(Web page caption snippets)
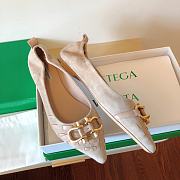 Bottega Veneta 650 Shoes in Beige - 4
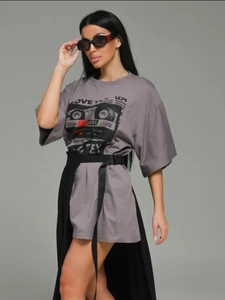 Λεπτομέρεια του LOVETEX print σε γκρι βαμβακερό T-shirt με μαύρη φούστα με δέσιμο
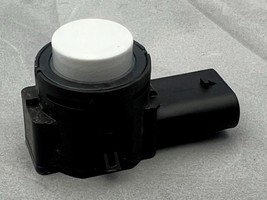 OEM GM PDC Ultrasonic Bumper Parking Assist Sensor 84575161 Summit Olymp... - $44.54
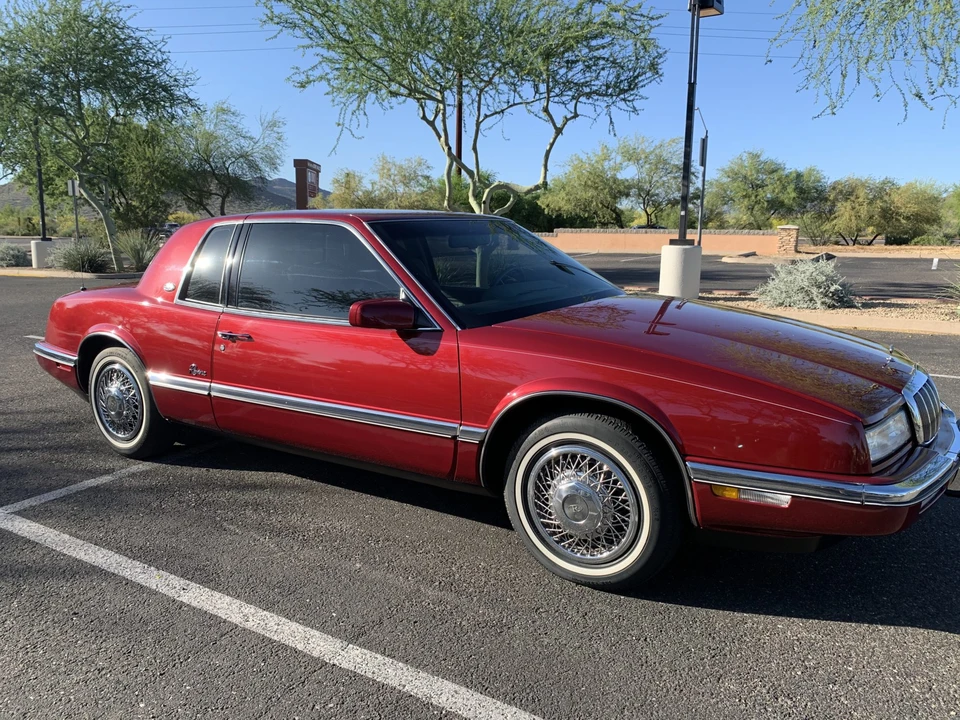 1992 Buick Riviera 4th-7th Gen - Image 3 of 31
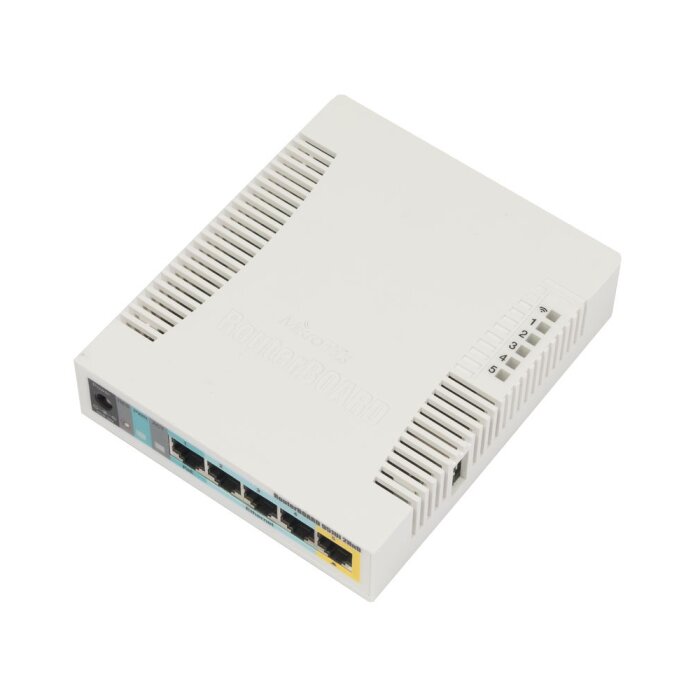 Weißer MikroTik RouterBOARD RB951Ui-2HnD SOHO Access Point mit integrierten Antennen.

• [YOUR GOAL]:
Pictures aside, reproduce every record exactly as it stands.

• [ANSWER AREA]:
 Bottega Veneta 650 Shoes in Beige - 4
 Λεπτομέρεια του LOVETEX print σε γκρι βαμβακερό T-shirt με μαύρη φούστα με δέσιμο
 OEM GM PDC Ultrasonic Bumper Parking Assist Sensor 84575161 Summit Olymp... - $44.54
 1992 Buick Riviera 4th-7th Gen - Image 3 of 31
 Weißer MikroTik RouterBOARD RB951Ui-2HnD SOHO Access Point mit integrierten Antennen.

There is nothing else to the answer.